--- Records supplied ---

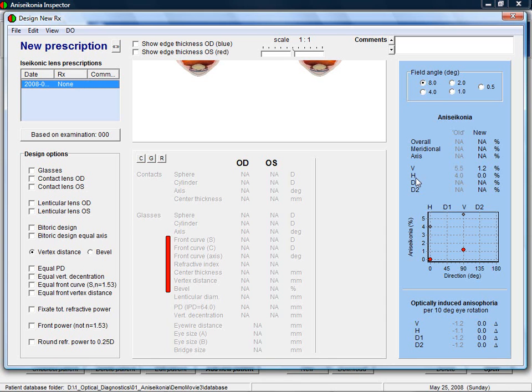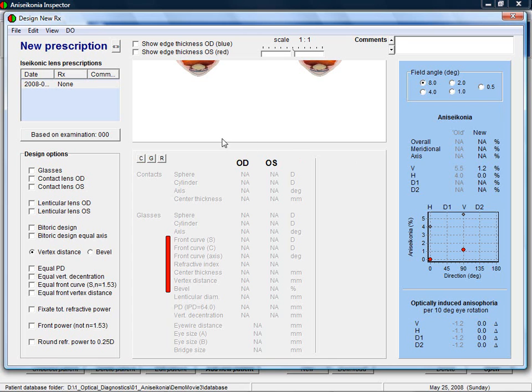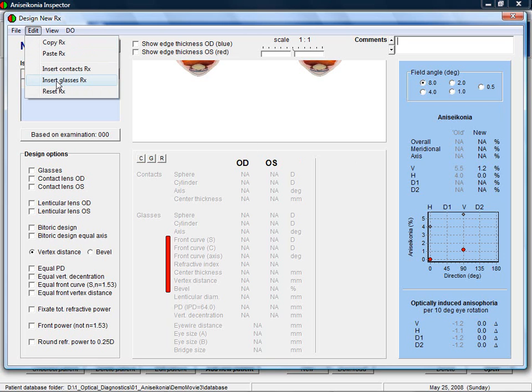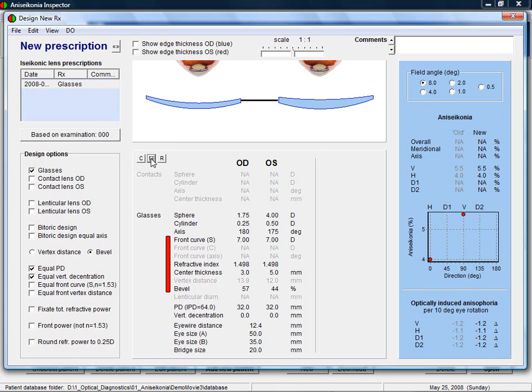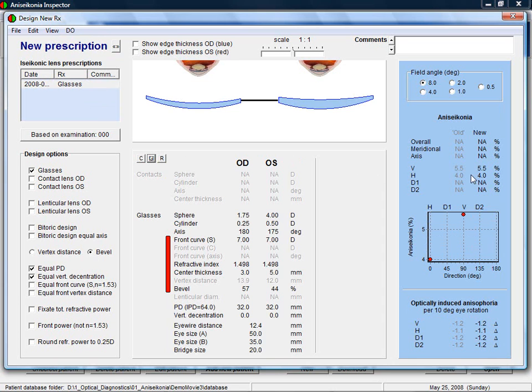When starting a new design, there is an empty new prescription, giving in this case close to 0 aniseikonia values. Of course, an empty prescription is no option, because now the patient is not corrected for refractive errors either. Therefore, we click on Edit, Insert Glasses, or in short, this small button with a G on it. Now, the same prescriptions as was used during the testing is filled in for the new prescription. The calculated aniseikonia for the new prescription is now of course the same as the measured aniseikonia of the old prescription.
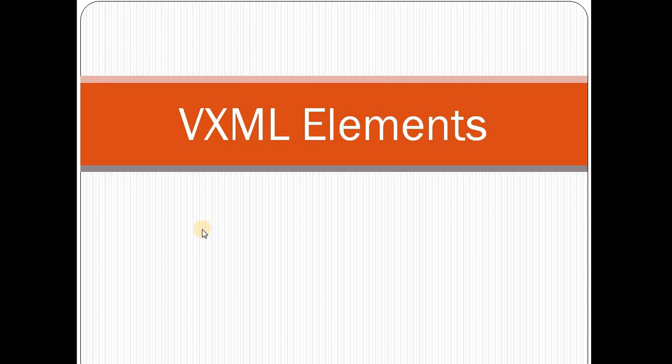Now we are going to discuss about VXML elements. In VXML, what are the elements or tags we are using.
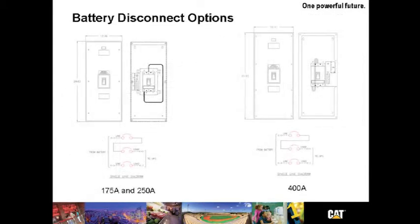Battery disconnect options. For customers that choose to provide their own batteries, a battery disconnect becomes a mandatory option. UPSs must have a way to disconnect from its battery source under certain conditions.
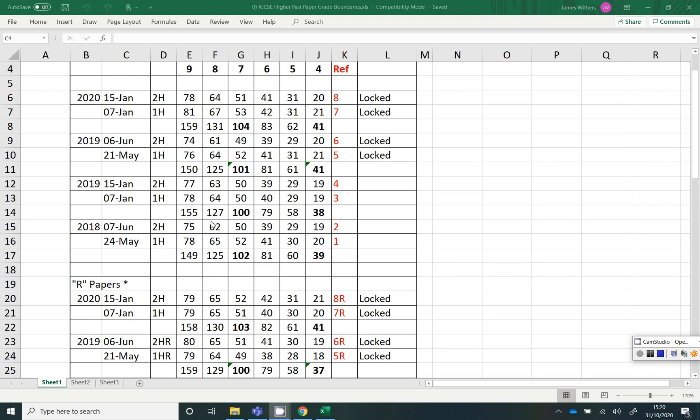What I suggest you do in that scenario there, go with the 125 rather than overly worry about the individual splits between the papers.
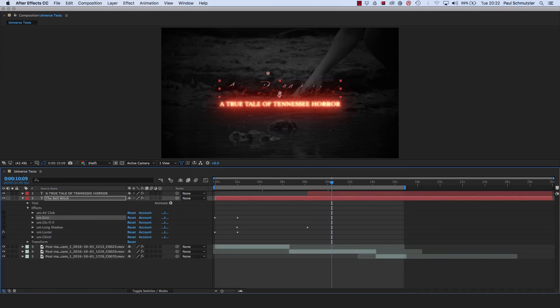So that's a quick look at a lot of the new features available in Universe version 2.1 from Red Giant. It's available as an annual subscription for Premiere Pro, After Effects, and other editing platforms. There are many more effects available in Universe, including effects from previous versions updated for 2.1. Go to RedGiant.com to check it out for yourself, and Happy Halloween!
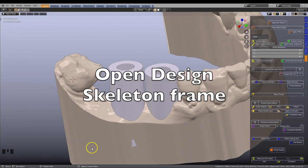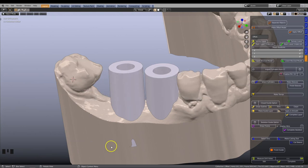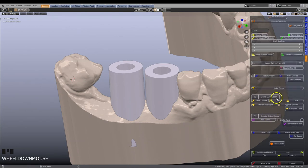In this tutorial, you will learn how to construct an implant guide with an open skeleton design. This option is found directly below the closed frame option.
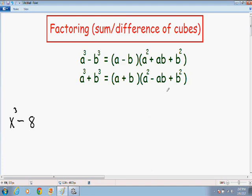One last thing before I get started with the examples: the signs in the formulas. People tend to have a hard time memorizing these formulas. But if you notice, all the terms in both formulas are exactly the same — you have an a, a b, an a squared, an a times b, and a b squared. The only difference is the signs. What I like to do is notice that in both formulas the last signs are both positive.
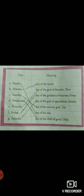Tuesday, day of the warrior god Thew. Tuesday is called Tuesday. Wednesday, day of the chief of gods, Odin. Odin's day is called Wednesday.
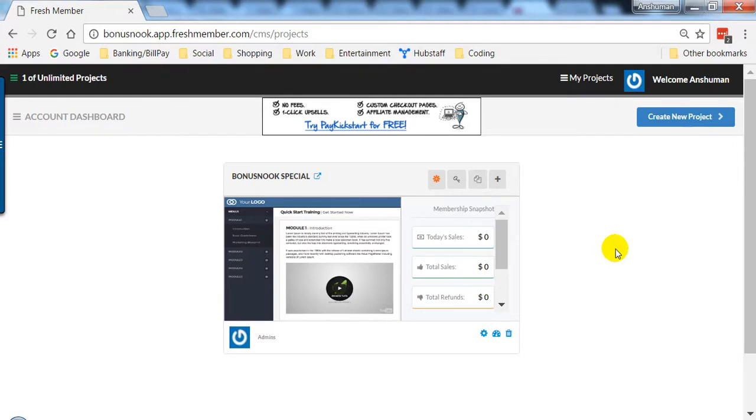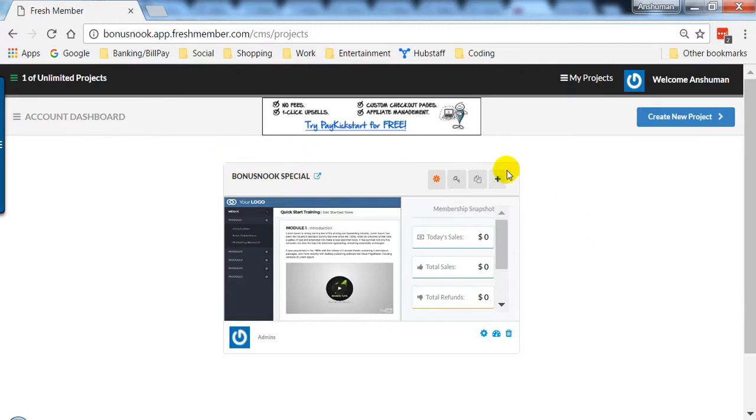Hello again. Today we're going to see how to integrate PayPal with your Fresh Member membership site. This is my membership site already created, and I'm going to integrate this particular project with my PayPal account.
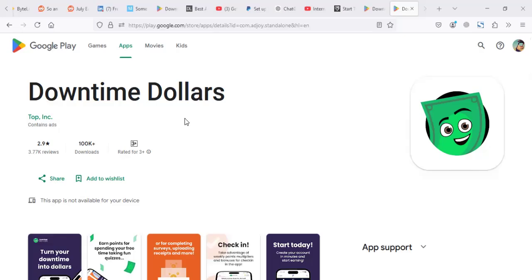Hi guys, we're going to review an app called Downtime Dollars. It's a legit app if you're wondering, but being legit, you still have to hear me out to see if it's going to be worthy for you to use or not.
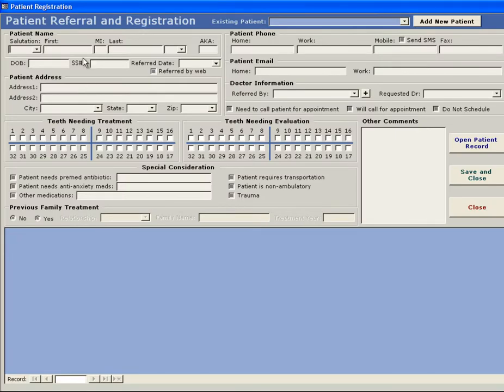Enter the patient's personal information. All that is required is first and last name, however you can fill out any additional information that you wish.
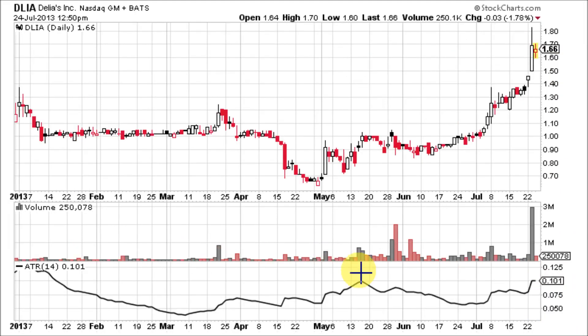Strong moves in either direction are often accompanied by large ranges or large true ranges, and this is especially true at the beginning of a move. Uninspiring moves can be accompanied by relatively narrow ranges. So the ATR can be used to validate the enthusiasm behind a move or breakout. A bullish reversal with an increase in ATR would show strong buying pressure and reinforce the reversal. A bearish support break with an increase in ATR would show strong selling pressure and reinforce the support break.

---

Activity: Retype the lines above exactly as they appear, from the line containing "So that's a" through the line containing "Tuesday, day of", and leave out any pictures.

Solution below:
So that's a quick look at a lot of the new features available in Universe version 2.1 from Red Giant. It's available as an annual subscription for Premiere Pro, After Effects, and other editing platforms. There are many more effects available in Universe, including effects from previous versions updated for 2.1. Go to RedGiant.com to check it out for yourself, and Happy Halloween!
In this tutorial, you will learn how to construct an implant guide with an open skeleton design. This option is found directly below the closed frame option.
One last thing before I get started with the examples: the signs in the formulas. People tend to have a hard time memorizing these formulas. But if you notice, all the terms in both formulas are exactly the same — you have an a, a b, an a squared, an a times b, and a b squared. The only difference is the signs. What I like to do is notice that in both formulas the last signs are both positive.
Tuesday, day of the warrior god Thew. Tuesday is called Tuesday. Wednesday, day of the chief of gods, Odin. Odin's day is called Wednesday.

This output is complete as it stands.